This week, Treble is taking a break from music features to focus on what may be the most important day of the year — Election Day. Actually, that’s not true. This is a music feature. It just so happens to be a music feature relating to the election. As we have done with our Album of the Week Mixes and Literary Mix Project, we’ve decided to come up with a series of mixes to go along with today’s political climate.

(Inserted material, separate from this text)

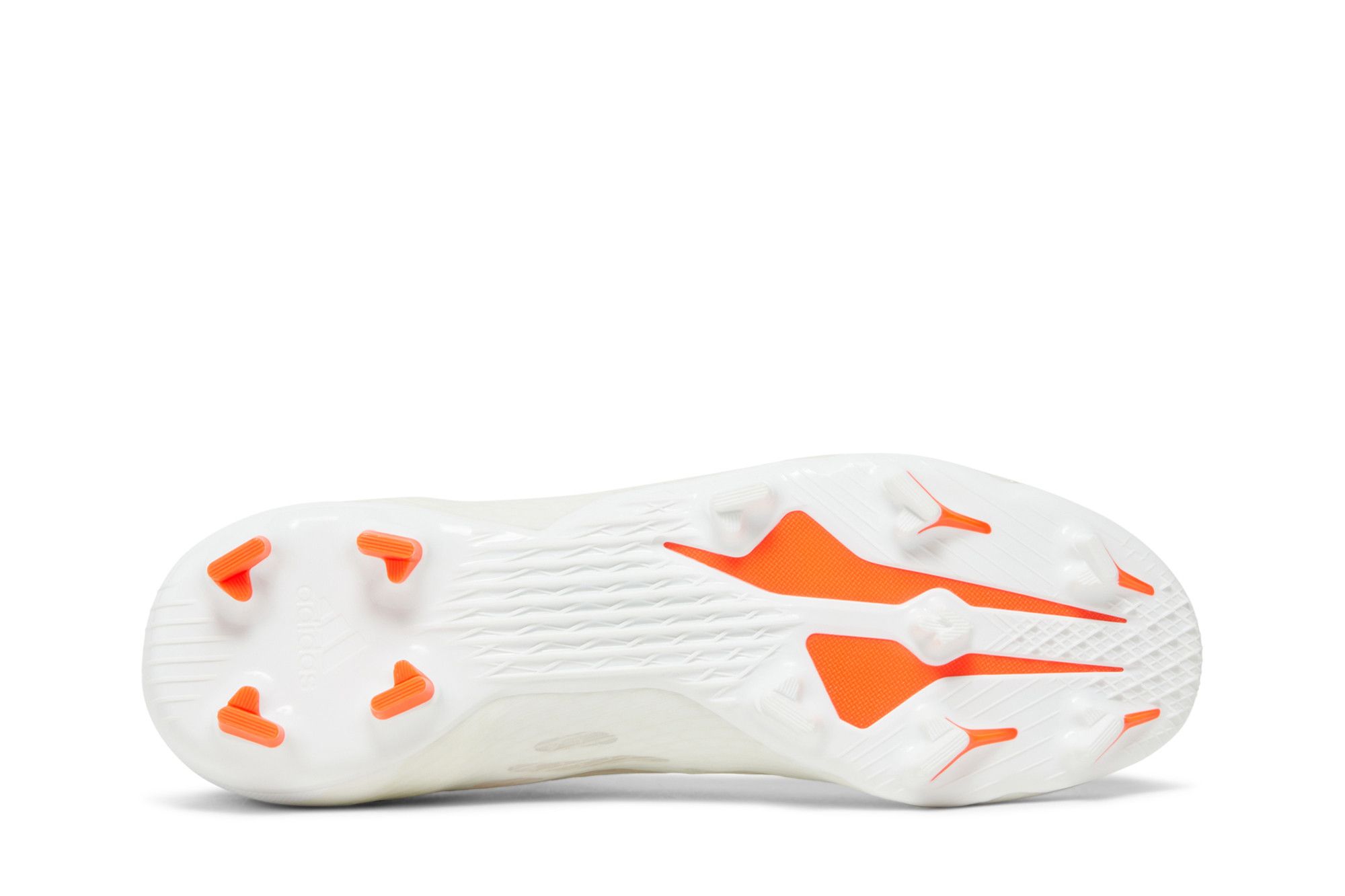 Shop adidas X Speedflow.3 FG ''Wit Solar Rood'' voetbalchoenen FY3295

As you head off to the polls on Nov. 2, we want you to take something more with you than a cheat sheet of ballot propositions and the pride in participating in democracy. We want you to take along some sweet ass tunes. Here are seven mixes that somehow relate to issues today.

Oh, and if you want fair and balanced, you can kindly take it elsewhere. Happy listening and voting!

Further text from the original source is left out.